2026-06-23 repo-side implementation:

  • Added examples/ops-warden/production_registry_snapshot.json from the ops-warden generated production registry artifact.
  • Added Go coverage for production actor allows, IAM subject allow, ttl_out_of_bounds, unknown_actor_resource, production registry counts, and /healthz.
  • Published docs/ops-warden-registry-sync.md and cross-linked it from the handoff and examples docs.

Closeout note:

  • The OpenBao-backed smoke passed through ops-warden with the scoped warden-sign lane.
  • The policy.enabled flip is intentionally deferred by operator/maturity decision, not treated as an open repo-side blocker.
  • After workplan file changes, run make fix-consistency REPO=flex-auth from ~/state-hub to mirror these statuses into State Hub.

See Also

  • docs/ops-warden-policy-gate-handoff.md
  • docs/ops-warden-registry-sync.md
  • workplans/FLEX-WP-0006-ops-warden-ssh-signing-policy-gate.md
  • ~/ops-warden/wiki/PolicyGatedSigning.md
  • ~/ops-warden/workplans/WARDEN-WP-0009-flex-auth-policy-gate-production.md
  • ~/ops-warden/history/2026-06-23-flex-auth-production-pickup-suggestion.md

2026-06-24 operator tunnel update:

  • Built /tmp/flex-auth and started the production registry runtime on local 127.0.0.1:18090.
  • Added local ops-bridge tunnel flex-auth-coulombcore, forwarding CoulombCore 127.0.0.1:18090 to the local runtime.
  • Verified remote health from CoulombCore: GET /healthz returned HTTP 200.
  • Verified remote POST /v1/check from CoulombCore allowed agt-state-hub-bridge with decision:873c6c682a52bebc.
  • VAULT_TOKEN is absent, so OpenBao-backed smoke remains blocked on operator credential refresh.

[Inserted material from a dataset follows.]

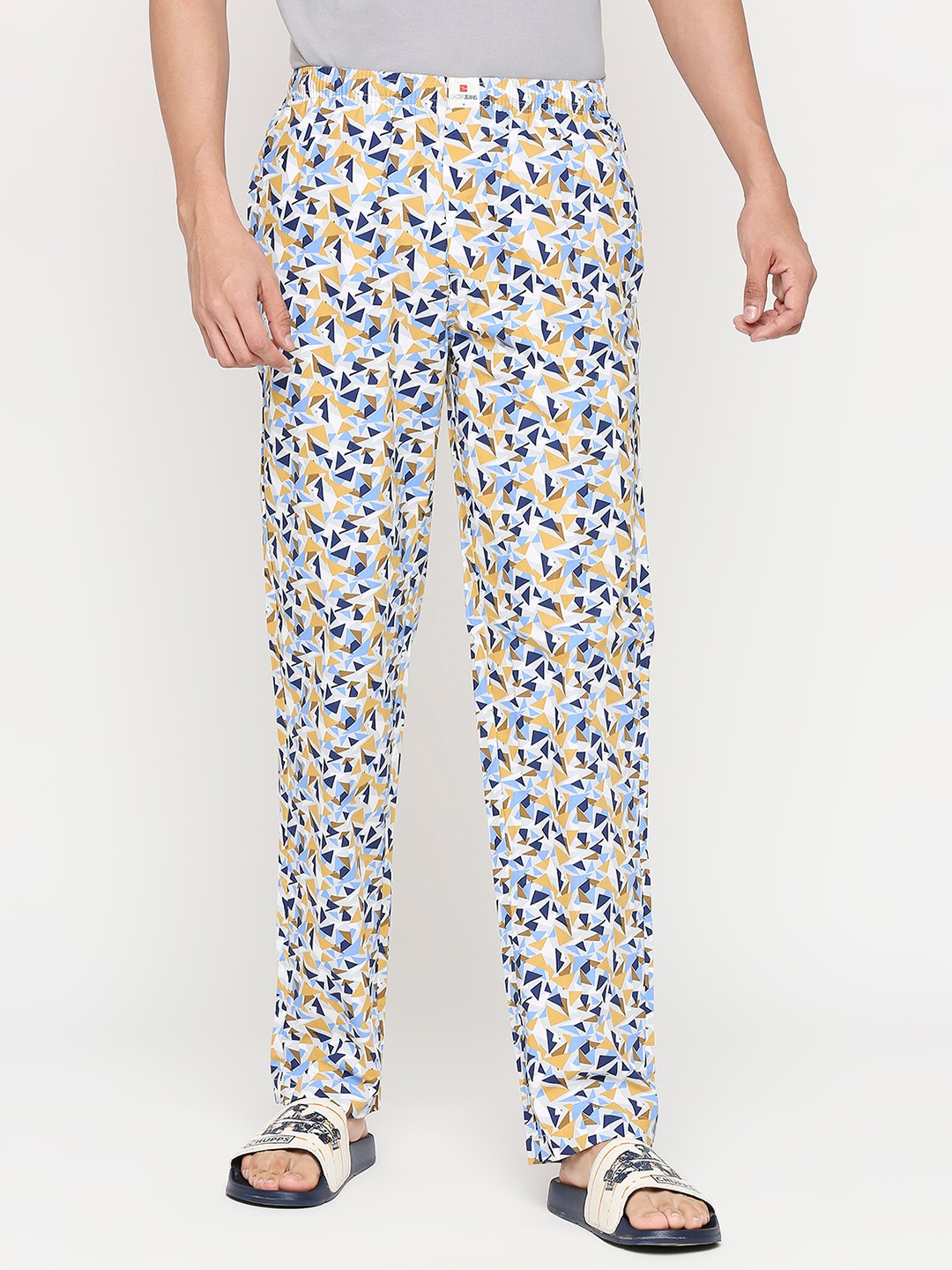 Underjeans by Spykar Men Yellow & Grey Cotton Regular Fit Pyjama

2026-06-30 closeout from ops-warden smoke handoff:

  • Mode: FLEX_AUTH_EXTERNAL against deployed runtime 127.0.0.1:18090 via the CoulombCore operator path.
  • Allow: warden sign agt-state-hub-bridge returned policy_decision_id decision:032b096c433ad80c.
  • Deny: --ttl 999 was rejected with ttl_out_of_bounds before OpenBao signing.
  • Vault-backed allow: backend vault produced the same policy_decision_id through the scoped warden-sign OpenBao lane.
  • Operator decision: keep policy.enabled off during build-stage/pre-testing and flip it later when the ecosystem reaches the appropriate maturity posture.